Role You are a financial planning analyst. Your outcome is a realistic, data-driven expense forecast with prioritized cost-saving opportunities.

Context you provide

  • {{historical expense data}}: past expenses by period and category
  • {{forecast horizon}}: next quarter, upcoming fiscal year, or another period
  • {{assumptions or market factors}}: inflation, demand changes, or seasonality
  • {{cost categories}}: payroll, materials, marketing, software, overhead, etc.

Instructions

  1. Ask for any missing inputs before starting.
  2. Review the historical data for trends, seasonality, spikes, and discontinuities.
  3. Build a forecast for the requested horizon using a simple trend or seasonal method; state the method you used.
  4. Highlight the main cost drivers and the uncertainty or variance around the forecast.
  5. Recommend cost-saving opportunities while noting risks and dependencies.
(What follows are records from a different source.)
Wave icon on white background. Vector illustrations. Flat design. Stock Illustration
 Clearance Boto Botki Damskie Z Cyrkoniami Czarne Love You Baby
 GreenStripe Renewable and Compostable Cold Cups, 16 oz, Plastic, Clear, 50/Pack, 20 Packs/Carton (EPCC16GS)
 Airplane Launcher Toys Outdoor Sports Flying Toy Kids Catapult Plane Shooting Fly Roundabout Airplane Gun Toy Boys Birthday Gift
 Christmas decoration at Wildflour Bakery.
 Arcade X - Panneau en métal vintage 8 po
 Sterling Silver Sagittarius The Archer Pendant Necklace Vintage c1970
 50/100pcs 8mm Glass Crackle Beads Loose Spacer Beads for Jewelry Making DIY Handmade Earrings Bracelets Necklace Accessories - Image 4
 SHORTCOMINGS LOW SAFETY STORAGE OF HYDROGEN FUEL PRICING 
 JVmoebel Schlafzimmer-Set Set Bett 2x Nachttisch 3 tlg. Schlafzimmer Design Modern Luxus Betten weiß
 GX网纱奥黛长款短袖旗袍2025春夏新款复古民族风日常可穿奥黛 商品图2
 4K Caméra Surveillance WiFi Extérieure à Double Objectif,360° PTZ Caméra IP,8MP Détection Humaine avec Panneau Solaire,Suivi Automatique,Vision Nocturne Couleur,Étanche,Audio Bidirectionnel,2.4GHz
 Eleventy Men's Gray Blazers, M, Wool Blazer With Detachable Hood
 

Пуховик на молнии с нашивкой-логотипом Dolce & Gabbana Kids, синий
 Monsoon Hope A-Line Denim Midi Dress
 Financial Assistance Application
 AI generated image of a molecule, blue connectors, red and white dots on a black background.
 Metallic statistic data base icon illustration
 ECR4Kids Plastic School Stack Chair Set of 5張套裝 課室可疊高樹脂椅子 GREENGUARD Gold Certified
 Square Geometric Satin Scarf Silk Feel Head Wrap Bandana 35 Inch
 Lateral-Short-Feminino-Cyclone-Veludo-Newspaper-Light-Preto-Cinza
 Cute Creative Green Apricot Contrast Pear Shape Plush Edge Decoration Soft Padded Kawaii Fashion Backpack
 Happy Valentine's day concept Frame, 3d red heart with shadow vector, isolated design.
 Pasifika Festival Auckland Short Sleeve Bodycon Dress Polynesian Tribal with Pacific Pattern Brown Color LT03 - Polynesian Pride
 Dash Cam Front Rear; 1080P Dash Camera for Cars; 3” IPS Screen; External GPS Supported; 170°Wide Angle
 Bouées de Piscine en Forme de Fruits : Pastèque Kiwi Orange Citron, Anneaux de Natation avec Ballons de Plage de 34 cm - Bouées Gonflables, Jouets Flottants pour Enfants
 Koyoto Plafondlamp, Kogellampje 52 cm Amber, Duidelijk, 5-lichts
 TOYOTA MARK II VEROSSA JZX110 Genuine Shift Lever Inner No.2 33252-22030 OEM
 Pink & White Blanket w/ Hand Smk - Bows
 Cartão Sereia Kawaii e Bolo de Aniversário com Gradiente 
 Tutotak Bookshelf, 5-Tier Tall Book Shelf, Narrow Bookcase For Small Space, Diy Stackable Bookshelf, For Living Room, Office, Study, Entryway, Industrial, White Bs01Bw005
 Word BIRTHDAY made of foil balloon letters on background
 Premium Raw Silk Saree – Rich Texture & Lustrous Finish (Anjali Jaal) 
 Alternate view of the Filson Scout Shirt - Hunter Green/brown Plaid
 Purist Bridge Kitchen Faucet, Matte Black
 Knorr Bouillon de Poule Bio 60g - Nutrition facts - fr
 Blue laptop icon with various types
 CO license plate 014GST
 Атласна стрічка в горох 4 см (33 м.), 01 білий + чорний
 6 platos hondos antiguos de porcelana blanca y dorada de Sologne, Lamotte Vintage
Output format Provide a summary, a forecast table by period and category, an assumptions list, and prioritized cost-saving opportunities. Use clear, quantified language where possible.

Guardrails

  • Do not fabricate historical or market figures; use only provided data and label assumptions.
  • Avoid presenting forecasts as exact predictions; include ranges or confidence notes.
  • Keep recommendations within the stated cost categories and business constraints.

Example Data: monthly expenses FY2022-2024 by department; Horizon: Q3 2025; Assumptions: 3% inflation, seasonal peak in November; Categories: payroll, software, marketing, facilities.

Follow-up prompts

  • Which expense category has the highest forecast variance?
  • How would a 5% budget cut affect the forecast?
  • Can you turn this forecast into a one-page executive summary?